In the run up to Xmas UNITE are threatening strikes to hit the supply lines for Tesco’s over pay and in the New Year the RMT will be balloting their members in defence of their pensions. The NEU will be holding an indicative ballot of pay and workload. The potential to coordinate strike action involving tens of thousands of workers in the New Year is coming into focus.
There is a real opportunity in every union to set up solidarity networks around the current disputes to maximize support for those fighting back.
A mood to fight
It is clear there is a change taking place in the workplace. Localised resistance is growing. Alongside the sense that there can be no return to pre-Covid days where bullying and harassment, low and unequal wages, insecure contracts and increase workloads were making the experience of work so unbearable, for so many, there is a determination to be rewarded for the sacrifice working people made, and still are, during the public health crisis.
Whilst the strikes that are taking place are a sign of a developing trade union movement, there are not enough taking place to shift the balance in favour of ordinary working people. We need more of them. This won’t happen simply by wishing action into existence: it takes leadership with the determination to initiate action.
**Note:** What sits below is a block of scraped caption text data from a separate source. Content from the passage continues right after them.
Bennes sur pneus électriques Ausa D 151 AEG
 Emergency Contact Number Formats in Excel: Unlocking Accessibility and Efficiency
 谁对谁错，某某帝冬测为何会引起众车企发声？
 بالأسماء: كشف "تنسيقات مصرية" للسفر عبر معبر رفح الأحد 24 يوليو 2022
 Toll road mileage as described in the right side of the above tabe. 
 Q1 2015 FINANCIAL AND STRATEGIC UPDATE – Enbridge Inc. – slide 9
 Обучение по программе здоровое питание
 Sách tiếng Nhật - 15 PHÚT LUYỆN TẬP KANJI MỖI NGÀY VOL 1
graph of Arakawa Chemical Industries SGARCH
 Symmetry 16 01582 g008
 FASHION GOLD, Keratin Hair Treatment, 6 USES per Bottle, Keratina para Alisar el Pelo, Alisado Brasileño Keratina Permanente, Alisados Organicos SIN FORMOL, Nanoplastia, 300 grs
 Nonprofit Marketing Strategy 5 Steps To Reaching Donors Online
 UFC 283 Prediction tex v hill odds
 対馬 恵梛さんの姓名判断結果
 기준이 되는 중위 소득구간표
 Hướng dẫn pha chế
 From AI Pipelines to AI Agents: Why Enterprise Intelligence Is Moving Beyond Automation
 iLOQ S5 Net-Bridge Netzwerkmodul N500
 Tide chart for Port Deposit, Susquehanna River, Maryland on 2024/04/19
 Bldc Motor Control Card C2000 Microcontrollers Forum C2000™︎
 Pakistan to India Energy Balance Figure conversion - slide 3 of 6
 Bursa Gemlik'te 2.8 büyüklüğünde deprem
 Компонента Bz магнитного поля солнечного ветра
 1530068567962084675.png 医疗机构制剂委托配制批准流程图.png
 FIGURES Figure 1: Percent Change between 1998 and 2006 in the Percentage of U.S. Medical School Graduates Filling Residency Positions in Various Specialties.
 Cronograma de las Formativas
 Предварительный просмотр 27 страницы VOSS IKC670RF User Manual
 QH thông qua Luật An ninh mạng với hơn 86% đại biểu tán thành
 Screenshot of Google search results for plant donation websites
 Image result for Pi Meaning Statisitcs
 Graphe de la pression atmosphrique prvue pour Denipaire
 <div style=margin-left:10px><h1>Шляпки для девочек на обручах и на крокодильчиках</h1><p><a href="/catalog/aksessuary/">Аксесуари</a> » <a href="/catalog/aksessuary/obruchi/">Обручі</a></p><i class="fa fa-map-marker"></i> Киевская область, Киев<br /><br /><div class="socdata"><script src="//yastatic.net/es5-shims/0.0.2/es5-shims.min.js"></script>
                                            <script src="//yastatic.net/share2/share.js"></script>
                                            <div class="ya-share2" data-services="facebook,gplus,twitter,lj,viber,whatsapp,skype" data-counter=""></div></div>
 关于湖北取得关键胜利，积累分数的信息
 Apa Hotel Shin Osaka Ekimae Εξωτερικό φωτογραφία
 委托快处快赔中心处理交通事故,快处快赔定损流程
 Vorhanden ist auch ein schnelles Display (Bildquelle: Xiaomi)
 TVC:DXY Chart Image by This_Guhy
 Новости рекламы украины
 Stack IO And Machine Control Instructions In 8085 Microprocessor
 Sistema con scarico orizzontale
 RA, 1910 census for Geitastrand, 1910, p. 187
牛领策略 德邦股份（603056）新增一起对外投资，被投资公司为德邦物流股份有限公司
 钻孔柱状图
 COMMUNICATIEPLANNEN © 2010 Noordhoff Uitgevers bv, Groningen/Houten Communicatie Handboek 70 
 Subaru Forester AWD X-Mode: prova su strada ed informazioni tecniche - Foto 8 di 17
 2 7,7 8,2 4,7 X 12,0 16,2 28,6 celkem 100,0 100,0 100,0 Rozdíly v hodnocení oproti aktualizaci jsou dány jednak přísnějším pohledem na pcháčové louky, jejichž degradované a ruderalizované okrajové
There still is a reluctance in some of the bigger unions to hold national ballots in fear of not breaking through anti-union thresholds. Some have tried but did not succeed. In UCU we were quite right not to organise our last ballot in HE on an aggregated basis, despite the final results narrowly beating a 50% turnout in both ballots. It would have been an unnecessary gamble to do so. It was close, and in an aggregated ballot the pressure on individual branches to deliver is less.
We now have a majority of university staff out on strike, with others being reballoted to join in a second wave in February. Other unions should rethink their aversion to using the tactic of disaggregated ballots to get coordinated action off the ground. Whilst it might not be what we want, it is better than accepting that the Tory union laws mean that we can only organise ballots around local disputes.
A new trade union movement is being forged on the picket line. The movement needs to rally to their battle cry and do all we can to ensure their success.
In unity lies strength – a victory for one is a victory for all.